***** DATASET EXCERPTS *****

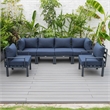 LeisureMod Chelsea 6-Piece Patio Set in Black Aluminum with Blue Cushions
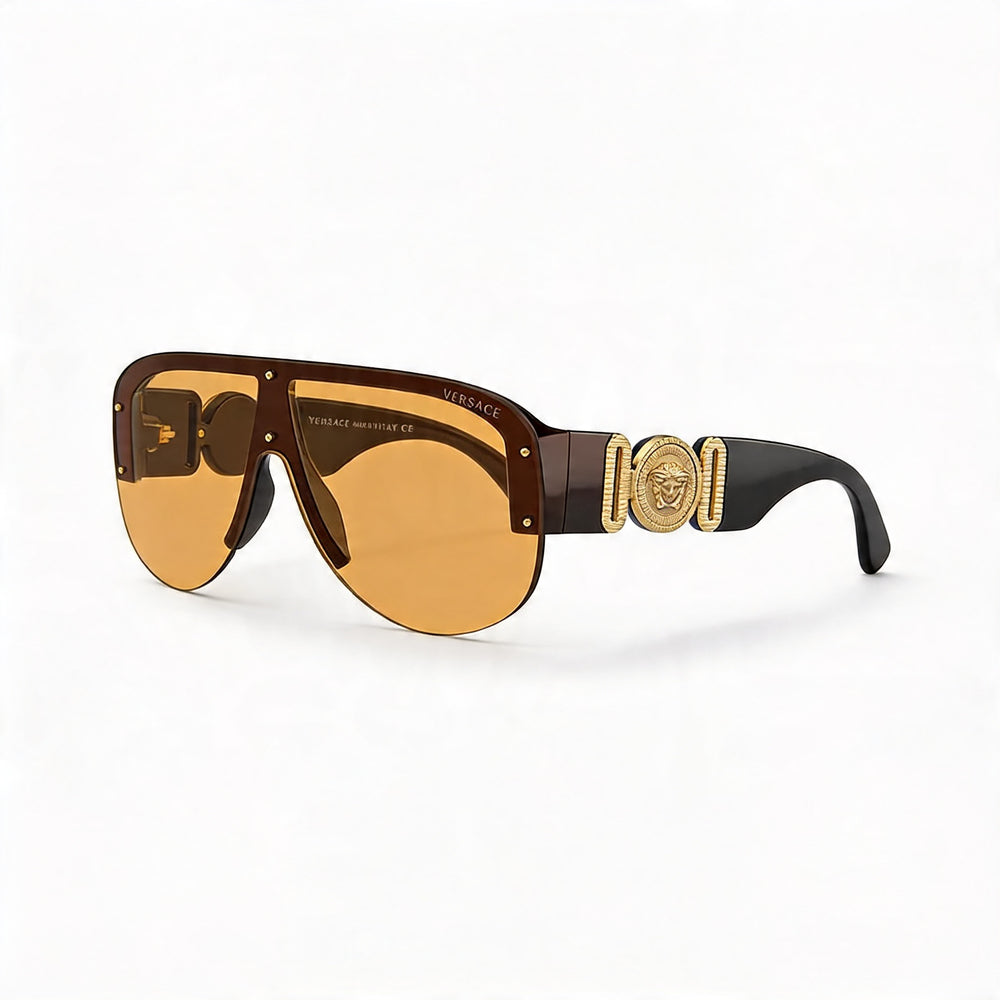 Versace Wayfarers Unisex Black Plastic Frame Sunglasses with Orange Lenses, UV Protected, 48mm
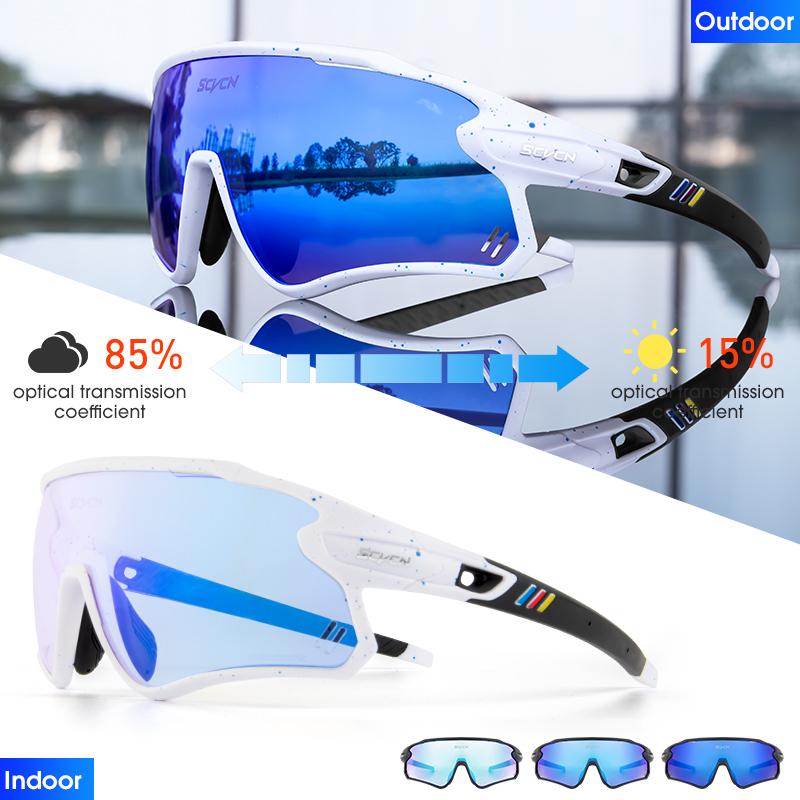 Lunettes de soleil de cyclisme SCVCN Hommes Lunettes de vélo Lunettes de sport pour vélo Lunettes pour VTT extérieur Route Course à pied Protection UV400 Lunettes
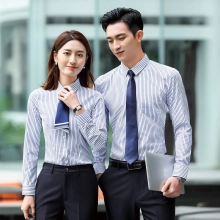 2025 Korea long sleeve cafe pub stripes printing office work  shirt  uniform women men shirt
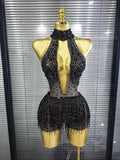 Denise sexy mesh see-through sequin tassel bodycon bodysuit for nightclub and birthday party styling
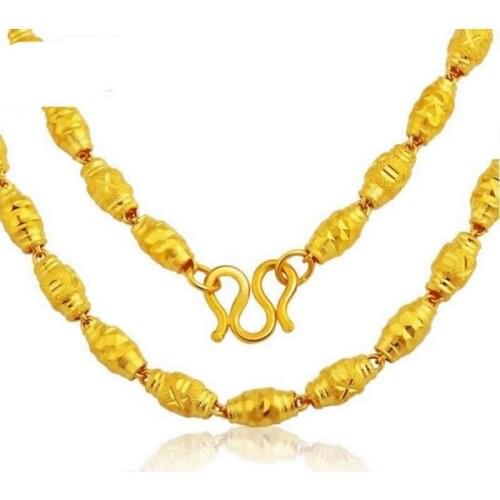 Pure Yellow Gold Big Ellipse Beads Necklace/ 999 gold 24K Olive beads Necklace Chain 9g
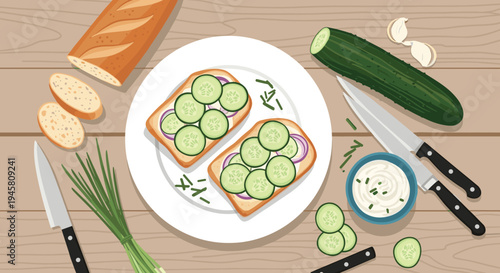 Top view of healthy cucumber and cream cheese sandwiches on a plate, surrounded by ingredients, bread, chives, and kitchen knives.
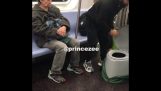 Mies avaa kannettava wc ja ottaa kaatopaikka junassa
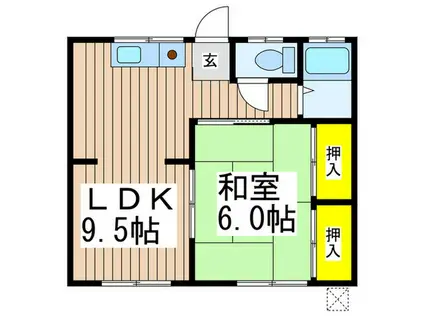 第二松園荘(1LDK/1階)の間取り写真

*****

**EXERCISE**. Which lines run from the one containing "Pure Yellow Gold" through the last line of the entries above? Output them exactly, both ends included, with no pictures.

**RESULT FOR THIS TASK**.
 Pure Yellow Gold Big Ellipse Beads Necklace/ 999 gold 24K Olive beads Necklace Chain 9g
 Top view of healthy cucumber and cream cheese sandwiches on a plate, surrounded by ingredients, bread, chives, and kitchen knives.
 Mies avaa kannettava wc ja ottaa kaatopaikka junassa
 第二松園荘(1LDK/1階)の間取り写真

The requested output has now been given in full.